スケッチノートには具体的なルールが設けられているわけではありません。どんなイラストを描くのか、どんなレイアウトで描くのかなど自由に自分で決められるのが魅力です。しかし、スケッチノートを実践するにあたっての基本やコツとなるものもあるので、それらを押さえておくと取り組みやすくなるでしょう。次の要素を踏まえて、実際にチャレンジしてみてください。
● スケッチノートを構成する要素
作品づくりではないため、イラストは描き込んだものである必要はありません。もちろん、イラストにこだわりたい場合は時間をかけてじっくり仕上げてもいいでしょう。
【アイコン】
丸と線だけの簡略化した人物や、簡単な手紙や電球などのアイコンを使って目印とすることもできます。たとえばメールアドレスの近くに手紙のアイコンを添えるだけで、瞬時にそこにアドレスが記載されていることが把握できます。
【フレーム(枠)】
フレームとは手描きの吹き出しやボード、またはシンプルな四角形などの枠のこと。重要な言葉(ポイント)をフレームで囲うことで、強調されて目に入りやすくなります。情報を仕分ける機能も果たすので、ノート上を整理するのにも役立つでしょう。
【区切り線】
項目と項目を区切る線のことです。線といってもシンプルな一本線から波線、点線、さらにはリボンの形の線などさまざまな表現ができます。
【矢印(コネクター)】
ある情報と別の情報が関係していることを視覚的に示すため、矢印がよく用いられます。

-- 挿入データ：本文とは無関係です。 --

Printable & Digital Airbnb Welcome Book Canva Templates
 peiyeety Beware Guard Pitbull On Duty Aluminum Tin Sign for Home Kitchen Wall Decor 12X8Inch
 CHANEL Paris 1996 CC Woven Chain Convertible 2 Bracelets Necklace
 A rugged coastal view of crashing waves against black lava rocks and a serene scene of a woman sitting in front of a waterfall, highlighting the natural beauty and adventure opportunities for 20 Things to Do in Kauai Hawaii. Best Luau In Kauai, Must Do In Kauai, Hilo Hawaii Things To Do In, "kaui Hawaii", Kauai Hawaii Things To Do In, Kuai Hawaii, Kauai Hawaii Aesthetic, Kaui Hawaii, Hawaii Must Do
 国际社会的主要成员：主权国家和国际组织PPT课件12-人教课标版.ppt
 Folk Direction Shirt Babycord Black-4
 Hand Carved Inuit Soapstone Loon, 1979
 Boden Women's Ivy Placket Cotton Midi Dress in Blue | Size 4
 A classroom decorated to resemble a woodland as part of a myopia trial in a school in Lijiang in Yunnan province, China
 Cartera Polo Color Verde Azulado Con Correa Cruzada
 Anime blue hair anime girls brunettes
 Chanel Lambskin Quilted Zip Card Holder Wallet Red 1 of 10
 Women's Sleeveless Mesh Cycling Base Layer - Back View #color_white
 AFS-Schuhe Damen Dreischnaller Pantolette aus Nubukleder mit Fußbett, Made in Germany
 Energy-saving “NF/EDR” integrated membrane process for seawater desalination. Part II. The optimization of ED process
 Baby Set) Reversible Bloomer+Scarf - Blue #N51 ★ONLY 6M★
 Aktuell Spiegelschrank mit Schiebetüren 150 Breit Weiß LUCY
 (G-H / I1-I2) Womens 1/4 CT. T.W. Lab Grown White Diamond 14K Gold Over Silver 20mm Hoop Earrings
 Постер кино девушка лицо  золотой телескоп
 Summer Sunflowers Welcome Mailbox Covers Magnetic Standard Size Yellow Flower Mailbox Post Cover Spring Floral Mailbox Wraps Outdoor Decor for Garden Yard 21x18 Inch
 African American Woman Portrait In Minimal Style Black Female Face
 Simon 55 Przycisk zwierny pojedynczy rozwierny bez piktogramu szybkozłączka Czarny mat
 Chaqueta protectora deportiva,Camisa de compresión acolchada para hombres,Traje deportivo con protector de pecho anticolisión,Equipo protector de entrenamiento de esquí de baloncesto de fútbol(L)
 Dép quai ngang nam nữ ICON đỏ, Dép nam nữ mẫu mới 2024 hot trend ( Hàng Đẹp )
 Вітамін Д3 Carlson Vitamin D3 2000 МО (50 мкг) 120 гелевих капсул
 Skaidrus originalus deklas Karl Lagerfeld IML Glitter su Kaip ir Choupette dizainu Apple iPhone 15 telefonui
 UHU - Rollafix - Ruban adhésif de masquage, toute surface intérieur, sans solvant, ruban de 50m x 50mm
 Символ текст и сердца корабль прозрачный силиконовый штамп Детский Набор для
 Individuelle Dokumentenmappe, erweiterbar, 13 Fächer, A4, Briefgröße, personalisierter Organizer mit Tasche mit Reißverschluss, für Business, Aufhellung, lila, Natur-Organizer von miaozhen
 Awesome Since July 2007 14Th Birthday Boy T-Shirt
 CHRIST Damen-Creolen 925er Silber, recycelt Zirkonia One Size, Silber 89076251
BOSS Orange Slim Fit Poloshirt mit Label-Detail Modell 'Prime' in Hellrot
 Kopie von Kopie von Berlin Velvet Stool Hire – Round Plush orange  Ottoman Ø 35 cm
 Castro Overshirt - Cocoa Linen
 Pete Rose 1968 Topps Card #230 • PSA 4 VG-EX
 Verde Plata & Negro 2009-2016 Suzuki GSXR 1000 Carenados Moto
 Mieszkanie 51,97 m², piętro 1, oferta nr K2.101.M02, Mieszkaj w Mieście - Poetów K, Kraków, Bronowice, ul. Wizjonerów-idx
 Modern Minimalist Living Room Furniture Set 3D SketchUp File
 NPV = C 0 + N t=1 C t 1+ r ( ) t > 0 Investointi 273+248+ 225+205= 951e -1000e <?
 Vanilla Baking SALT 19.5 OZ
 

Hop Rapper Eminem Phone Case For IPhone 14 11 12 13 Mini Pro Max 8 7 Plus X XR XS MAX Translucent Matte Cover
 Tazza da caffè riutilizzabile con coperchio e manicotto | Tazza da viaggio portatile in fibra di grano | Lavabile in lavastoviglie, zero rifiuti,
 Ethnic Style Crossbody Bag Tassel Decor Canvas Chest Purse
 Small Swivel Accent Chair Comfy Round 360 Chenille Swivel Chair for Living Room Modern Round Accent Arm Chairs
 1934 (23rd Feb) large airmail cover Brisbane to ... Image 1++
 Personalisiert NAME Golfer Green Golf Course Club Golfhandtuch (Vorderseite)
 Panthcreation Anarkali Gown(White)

矢印の形もさまざまで、立体的なものやシンプルな線の矢印、「>>>」など自由に使い分けられます。
【バレットポイント(行頭文字)】
「バレットポイント(行頭文字)」とは、箇条書きの先頭にくる印のことです。
(例)「・スケッチノート ▶スケッチノート ✓スケッチノート」
ほかにも、アイデアをまとめた箇条書きには電球の形をしたバレットを描いたり、好きな項目にはハートを使ったりなどすると、より視覚的にわかりやすくなります。
【テキスト】
文字や文章もスケッチノートにとって大切な要素です。ただ文字を書くだけでなく、強調したい文字は大きく・太くしたり、影をつけたり、書体にこだわってみたりと、さまざまな方法があります。
こちらはあくまで一例であり、ほかにもさまざまな要素を追加してみてもいいでしょう。スケッチノートで大切なのは、視覚的に理解しやすくすることです。
● スケッチノートのレイアウト
スケッチノートのレイアウトにも厳密なルールはありませんが、見やすくなるものとしては次のようなレイアウトがおすすめです。縦に2~3分割したり、全体を4分割したりと格子(グリッド)状に分けるレイアウトです。導線がわかりやすく、たとえば縦に2分割したものは上から下へ描き込んでいくだけなので、初心者でも取り組みやすいです。
【フロータイプのレイアウト】
順を追って情報を整理する際に便利なレイアウト。タイトルを始点に、最初の情報のまとまりと次のまとまりを矢印などでつないでレイアウトしていきます。ややバランスをとるのが難しいレイアウトですが、料理のレシピなどステップで整理したい場合に便利です。
【放射状のレイアウト】
メインのテーマとなるタイトルや名称をノートの真ん中に配置して、放射状にそのタイトル(名称)の情報を広げていくレイアウトです(構図としてはマインドマップに似ています)。情報を掘り下げて整理するときに便利で、人物紹介や商品情報などをわかりやすくまとめられます。
ほかにも順番や導線関係なく情報を配置するレイアウトや、マンガのコマ割りのようなレイアウトなど幅広くあります。「この情報はどうレイアウトすると見やすくなるかな?」という視点でスケッチノートに取り組んでみてください。